In light of the interest in my previous post about budgets, I figured it would be good to resurrect a serious I started a while back on financial lessons. These aren’t complex or fool proof, but they are some steps on how I think about money. I think these will be my Wednesday posts for a while.Financial Lesson #1: Discerning your Needs and Wants
You must sit down (and if you are married, you both need to sit down) and draw up a list of your basic NEEDS (That you spend money on). To make this easy, do not start with what you see in and around your house, start with what you will be purchasing from this point forward. As an example person myself, here is an example.
Jack and Jill sit down and start their list of NEEDS. Immediately the basics come to mind: Food and Shelter. They break shelter down into clothes and rent (including heat, electricity etc). Now to get the money to purchase food they would need an income, thus their jobs. And to keep their job they each need transportation to work and occasionally work appropriate clothing. Jill thought back to here psychology days and Maslow’s hierarchy of needs and suggested they did have some ‘emotional’ needs that might be hard to countify. In the end they came up with these needs: FOOD, SHELTER, TRANSPORTATION, MISC (Clothing, soap, etc) and EMOTIONAL.

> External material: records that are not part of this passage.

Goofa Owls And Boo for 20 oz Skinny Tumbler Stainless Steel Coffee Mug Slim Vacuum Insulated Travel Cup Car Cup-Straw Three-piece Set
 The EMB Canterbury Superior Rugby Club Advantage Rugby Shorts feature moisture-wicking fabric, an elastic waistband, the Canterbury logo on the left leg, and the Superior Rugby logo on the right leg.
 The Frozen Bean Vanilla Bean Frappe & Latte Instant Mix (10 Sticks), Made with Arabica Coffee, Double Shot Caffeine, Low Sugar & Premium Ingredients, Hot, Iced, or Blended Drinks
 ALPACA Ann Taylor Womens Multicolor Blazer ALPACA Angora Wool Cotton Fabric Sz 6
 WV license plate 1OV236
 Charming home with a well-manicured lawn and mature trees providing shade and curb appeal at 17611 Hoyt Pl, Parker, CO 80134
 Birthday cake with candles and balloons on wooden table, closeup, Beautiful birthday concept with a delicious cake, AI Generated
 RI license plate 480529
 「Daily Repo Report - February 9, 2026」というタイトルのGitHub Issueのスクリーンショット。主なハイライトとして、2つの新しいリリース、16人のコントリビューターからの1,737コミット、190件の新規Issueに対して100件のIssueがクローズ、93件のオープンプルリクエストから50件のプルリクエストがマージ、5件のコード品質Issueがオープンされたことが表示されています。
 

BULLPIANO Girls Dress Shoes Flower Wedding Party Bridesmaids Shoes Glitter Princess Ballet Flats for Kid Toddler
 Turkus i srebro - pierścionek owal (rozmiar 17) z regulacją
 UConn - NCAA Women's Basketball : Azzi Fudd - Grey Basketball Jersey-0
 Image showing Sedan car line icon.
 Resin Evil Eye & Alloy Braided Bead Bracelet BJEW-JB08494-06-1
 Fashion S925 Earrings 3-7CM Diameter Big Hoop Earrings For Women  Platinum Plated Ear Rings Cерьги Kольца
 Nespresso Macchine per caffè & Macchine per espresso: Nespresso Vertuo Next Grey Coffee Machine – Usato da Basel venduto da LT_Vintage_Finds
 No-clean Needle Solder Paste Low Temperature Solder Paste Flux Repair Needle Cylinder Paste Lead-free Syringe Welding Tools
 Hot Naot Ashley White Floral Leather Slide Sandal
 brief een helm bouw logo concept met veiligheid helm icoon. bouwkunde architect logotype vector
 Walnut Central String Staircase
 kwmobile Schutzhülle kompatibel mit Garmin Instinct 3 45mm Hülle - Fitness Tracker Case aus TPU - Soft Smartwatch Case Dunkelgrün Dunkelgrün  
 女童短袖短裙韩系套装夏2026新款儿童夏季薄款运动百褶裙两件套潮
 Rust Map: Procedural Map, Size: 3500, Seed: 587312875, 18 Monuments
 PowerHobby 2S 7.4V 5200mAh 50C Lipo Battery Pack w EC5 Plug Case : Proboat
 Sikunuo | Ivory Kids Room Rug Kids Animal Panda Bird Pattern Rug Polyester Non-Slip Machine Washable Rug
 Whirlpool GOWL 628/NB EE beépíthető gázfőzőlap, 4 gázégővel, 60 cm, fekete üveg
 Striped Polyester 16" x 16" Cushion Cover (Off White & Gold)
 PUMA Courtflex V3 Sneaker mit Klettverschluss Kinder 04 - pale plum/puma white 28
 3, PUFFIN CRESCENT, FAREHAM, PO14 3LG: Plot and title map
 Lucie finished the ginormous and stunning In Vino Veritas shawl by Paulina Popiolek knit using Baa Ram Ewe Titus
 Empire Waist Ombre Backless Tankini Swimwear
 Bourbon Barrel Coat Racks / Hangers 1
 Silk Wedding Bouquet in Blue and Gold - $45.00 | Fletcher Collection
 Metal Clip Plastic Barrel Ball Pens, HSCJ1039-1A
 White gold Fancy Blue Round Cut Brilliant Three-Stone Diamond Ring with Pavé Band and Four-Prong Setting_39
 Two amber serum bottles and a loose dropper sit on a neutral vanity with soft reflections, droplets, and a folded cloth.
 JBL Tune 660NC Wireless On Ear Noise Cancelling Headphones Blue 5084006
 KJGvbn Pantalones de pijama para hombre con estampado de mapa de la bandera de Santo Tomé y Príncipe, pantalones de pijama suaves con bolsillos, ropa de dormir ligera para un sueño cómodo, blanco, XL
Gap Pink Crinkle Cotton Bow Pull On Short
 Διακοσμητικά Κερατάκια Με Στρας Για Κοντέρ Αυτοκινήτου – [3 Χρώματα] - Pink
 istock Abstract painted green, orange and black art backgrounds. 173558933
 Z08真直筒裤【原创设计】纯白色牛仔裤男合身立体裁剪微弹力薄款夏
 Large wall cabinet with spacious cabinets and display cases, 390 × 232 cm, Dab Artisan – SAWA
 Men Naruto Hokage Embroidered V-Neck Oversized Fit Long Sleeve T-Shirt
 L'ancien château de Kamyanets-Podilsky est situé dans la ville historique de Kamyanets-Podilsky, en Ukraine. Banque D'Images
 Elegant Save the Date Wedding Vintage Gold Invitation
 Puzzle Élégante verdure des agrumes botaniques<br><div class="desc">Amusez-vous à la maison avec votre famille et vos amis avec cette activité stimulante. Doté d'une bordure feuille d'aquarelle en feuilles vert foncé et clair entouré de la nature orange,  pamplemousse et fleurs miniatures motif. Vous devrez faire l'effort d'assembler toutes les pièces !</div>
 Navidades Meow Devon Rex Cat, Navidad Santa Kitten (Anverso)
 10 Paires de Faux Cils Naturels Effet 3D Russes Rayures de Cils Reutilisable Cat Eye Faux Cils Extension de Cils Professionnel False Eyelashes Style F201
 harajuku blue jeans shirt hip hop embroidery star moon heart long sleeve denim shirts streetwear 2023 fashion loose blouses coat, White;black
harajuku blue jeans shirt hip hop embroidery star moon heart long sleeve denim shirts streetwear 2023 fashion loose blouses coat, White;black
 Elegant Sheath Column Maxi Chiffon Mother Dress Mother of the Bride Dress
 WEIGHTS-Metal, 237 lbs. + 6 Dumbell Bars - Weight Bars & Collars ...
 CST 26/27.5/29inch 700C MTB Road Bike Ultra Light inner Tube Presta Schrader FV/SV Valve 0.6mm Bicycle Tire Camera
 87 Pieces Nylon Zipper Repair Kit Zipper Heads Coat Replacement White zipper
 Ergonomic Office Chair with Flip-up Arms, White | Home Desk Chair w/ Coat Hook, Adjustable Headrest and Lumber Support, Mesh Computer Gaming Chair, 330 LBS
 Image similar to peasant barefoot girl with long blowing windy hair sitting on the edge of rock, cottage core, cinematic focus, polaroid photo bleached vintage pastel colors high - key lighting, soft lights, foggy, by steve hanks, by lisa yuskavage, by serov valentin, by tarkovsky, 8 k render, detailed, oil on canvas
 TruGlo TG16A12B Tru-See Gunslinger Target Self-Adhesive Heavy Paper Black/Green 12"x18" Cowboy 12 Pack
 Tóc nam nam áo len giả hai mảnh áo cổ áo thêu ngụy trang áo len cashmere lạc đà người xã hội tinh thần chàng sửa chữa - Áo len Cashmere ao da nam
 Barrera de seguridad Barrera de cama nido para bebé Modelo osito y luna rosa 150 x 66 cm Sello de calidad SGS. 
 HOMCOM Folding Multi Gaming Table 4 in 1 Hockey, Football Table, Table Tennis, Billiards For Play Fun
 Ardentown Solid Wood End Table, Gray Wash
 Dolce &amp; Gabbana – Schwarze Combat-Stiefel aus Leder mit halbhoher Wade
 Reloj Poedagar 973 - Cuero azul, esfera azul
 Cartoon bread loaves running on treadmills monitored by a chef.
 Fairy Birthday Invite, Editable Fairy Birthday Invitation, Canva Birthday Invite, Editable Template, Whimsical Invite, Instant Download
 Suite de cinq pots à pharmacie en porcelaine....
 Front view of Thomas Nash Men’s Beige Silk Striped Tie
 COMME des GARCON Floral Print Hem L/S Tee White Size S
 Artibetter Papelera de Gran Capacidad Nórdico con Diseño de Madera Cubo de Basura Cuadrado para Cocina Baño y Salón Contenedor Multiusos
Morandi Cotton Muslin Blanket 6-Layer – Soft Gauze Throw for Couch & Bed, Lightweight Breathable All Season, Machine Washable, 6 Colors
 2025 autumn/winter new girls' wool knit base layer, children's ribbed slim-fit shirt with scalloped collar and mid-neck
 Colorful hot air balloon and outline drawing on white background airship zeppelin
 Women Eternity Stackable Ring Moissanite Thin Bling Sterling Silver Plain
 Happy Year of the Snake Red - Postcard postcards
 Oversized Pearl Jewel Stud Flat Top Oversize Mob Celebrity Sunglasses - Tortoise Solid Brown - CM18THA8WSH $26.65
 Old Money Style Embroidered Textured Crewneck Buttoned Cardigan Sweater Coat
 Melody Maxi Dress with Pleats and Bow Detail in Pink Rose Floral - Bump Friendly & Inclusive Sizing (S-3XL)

But, that’s not the end of the lesson. Things get a little more complicated at this point. Does “Food” mean eating out three times a week and coffee at Bongo Java every morning? Are those NEEDS? You must discern on your own what part of your “food” is meeting your basic needs and what part is fulfilling your WANTS. The same goes for clothing. You might NEED button down shirts and dressy shoes for on the job, but you don’t NEED name brand clothing to wear out on the town. Getting to work is a Transportation NEED, driving across town to the outlet mall is not. Does that make some sense?
As you think through your needs, be sure to write down the things you’ve discerned are WANTS in another column (eating out, coffee, shopping trips, new sweaters).
Your Assignment for this week: Spend money as you normally have in the past, but be very concious of how much you are spending on Needs and how much on WANTS. Keep track of actual purchases if you’d like. And see if thinking through these lists actually changes what you spend money on through out the week.